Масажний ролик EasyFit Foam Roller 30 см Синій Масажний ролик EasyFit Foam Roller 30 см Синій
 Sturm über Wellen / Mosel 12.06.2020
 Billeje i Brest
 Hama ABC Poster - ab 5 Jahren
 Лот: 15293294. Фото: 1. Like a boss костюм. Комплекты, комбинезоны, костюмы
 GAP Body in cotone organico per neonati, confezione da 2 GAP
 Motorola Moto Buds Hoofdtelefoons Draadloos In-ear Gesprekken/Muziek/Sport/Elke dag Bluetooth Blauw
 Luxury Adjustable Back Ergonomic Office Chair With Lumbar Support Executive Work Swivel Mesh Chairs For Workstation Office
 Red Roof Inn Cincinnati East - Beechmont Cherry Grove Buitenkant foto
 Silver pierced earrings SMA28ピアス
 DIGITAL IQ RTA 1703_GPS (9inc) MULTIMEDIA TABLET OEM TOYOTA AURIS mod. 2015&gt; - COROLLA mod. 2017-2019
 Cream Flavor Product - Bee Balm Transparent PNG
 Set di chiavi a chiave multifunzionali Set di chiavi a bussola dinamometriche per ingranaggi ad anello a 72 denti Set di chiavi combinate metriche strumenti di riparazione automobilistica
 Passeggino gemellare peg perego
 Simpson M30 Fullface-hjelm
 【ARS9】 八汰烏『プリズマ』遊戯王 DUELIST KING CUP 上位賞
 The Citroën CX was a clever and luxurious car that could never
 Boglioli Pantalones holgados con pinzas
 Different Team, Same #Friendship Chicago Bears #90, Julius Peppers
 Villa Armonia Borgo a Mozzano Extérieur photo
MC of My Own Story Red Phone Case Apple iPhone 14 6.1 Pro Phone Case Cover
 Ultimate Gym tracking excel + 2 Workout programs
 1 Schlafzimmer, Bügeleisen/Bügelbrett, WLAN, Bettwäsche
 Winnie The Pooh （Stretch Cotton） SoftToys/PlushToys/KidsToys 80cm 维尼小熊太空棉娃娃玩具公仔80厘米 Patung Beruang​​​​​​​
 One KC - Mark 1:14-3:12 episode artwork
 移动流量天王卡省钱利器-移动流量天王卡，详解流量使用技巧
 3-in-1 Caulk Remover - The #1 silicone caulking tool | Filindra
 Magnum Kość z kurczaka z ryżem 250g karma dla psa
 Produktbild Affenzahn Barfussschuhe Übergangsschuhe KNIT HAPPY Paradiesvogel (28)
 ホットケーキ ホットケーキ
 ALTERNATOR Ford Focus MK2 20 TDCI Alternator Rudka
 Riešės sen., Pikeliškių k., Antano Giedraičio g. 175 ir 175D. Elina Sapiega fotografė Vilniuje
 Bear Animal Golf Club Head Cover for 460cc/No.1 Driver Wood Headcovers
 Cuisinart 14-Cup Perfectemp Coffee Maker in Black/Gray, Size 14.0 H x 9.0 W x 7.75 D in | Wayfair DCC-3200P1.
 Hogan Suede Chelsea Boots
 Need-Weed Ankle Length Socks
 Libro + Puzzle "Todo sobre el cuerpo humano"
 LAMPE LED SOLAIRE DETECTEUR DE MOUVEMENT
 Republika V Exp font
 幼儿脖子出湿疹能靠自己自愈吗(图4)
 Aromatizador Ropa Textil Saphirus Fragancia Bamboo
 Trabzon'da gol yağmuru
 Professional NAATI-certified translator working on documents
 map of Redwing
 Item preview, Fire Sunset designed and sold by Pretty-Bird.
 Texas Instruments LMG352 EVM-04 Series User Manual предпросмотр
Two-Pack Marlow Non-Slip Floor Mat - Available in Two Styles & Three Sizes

- - -

_Exercise goal_:
Give back exactly the lines from the one with "Hogan Suede Chelsea Boots" through the final line of the material, both ends included, and no others.

_Your response_:
 Hogan Suede Chelsea Boots
 Need-Weed Ankle Length Socks
 Libro + Puzzle "Todo sobre el cuerpo humano"
 LAMPE LED SOLAIRE DETECTEUR DE MOUVEMENT
 Republika V Exp font
 幼儿脖子出湿疹能靠自己自愈吗(图4)
 Aromatizador Ropa Textil Saphirus Fragancia Bamboo
 Trabzon'da gol yağmuru
 Professional NAATI-certified translator working on documents
 map of Redwing
 Item preview, Fire Sunset designed and sold by Pretty-Bird.
 Texas Instruments LMG352 EVM-04 Series User Manual предпросмотр
Two-Pack Marlow Non-Slip Floor Mat - Available in Two Styles & Three Sizes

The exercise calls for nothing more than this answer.